Following Christ makes perfectly good sense to me. His teachings hang together and speak to my deepest needs and questions. But I admit that Mr. Spock would find his logic challenging.
When Jesus says things like, “For whoever would save his life will lose it, but whoever loses his life for my sake will find it” (Matthew 14:26) and “Truly, truly, I say to you, unless a grain of wheat falls into the earth and dies, it remains alone; but if it dies, it bears much fruit” (John 12:24) one can get mental angina.

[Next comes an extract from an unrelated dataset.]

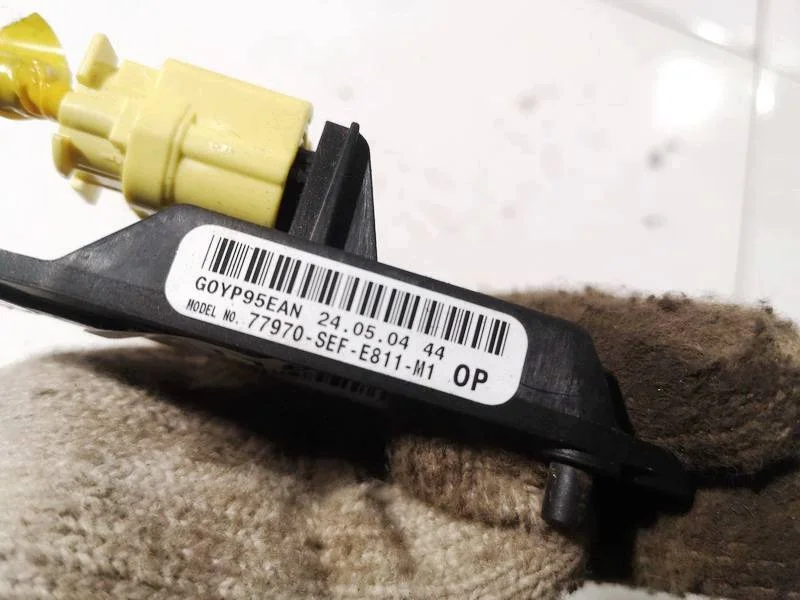 Airbag Sensor Honda Accord 77970SEDE811M1 thumbnail 3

Christian pastor and author A. W. Tozer once wrote a remarkable little article entitled “That Incredible Christian” that further illustrates the dilemma. He says of the Christian:
“He may be and often is highest when he feels lowest and most sinless when he is most conscious of sin. He is wisest when he knows that he knows not and knows least when he has acquired the greatest amount of knowledge. He sometimes does most by doing nothing and goes furthest when standing still. In heaviness he manages to rejoice and keeps his heart glad even in sorrow.”1
In November 1954 C. S. Lewis wrote to Dom Bede Griffiths and shared his thoughts about the novels of Charles Dickens. This led him to reflect on his “moods” concerning death and joy. He writes,
“About death, I go through different moods, but the times when I can desire it are never, I think, those when this world seems harshest. On the contrary, it is just when there seems to be most of Heaven already here that I come nearest to longing for the patria [Latin for fatherland or homeland] . . . All joy (as distinct from mere pleasure, still more amusement) emphasises our pilgrim status: always reminds, beckons, awakes desire. Our best havings are wantings.”2
“Our best havings are wantings.” Funny, it’s usually when things are darkest you hear someone say “I could just die!” Maybe we should say it when we feel closest to Heaven.
“Blessed are you when people hate you and when they exclude you and revile you and spurn your name as evil, on account of the Son of Man!” – Luke 6:22
- Walter Hooper, ed., The Collected Letters of C. S. Lewis: Narnia, Cambridge, and Joy 1950-1963, Vol. III [New York: HarperSanFrancisco, 2007], 523.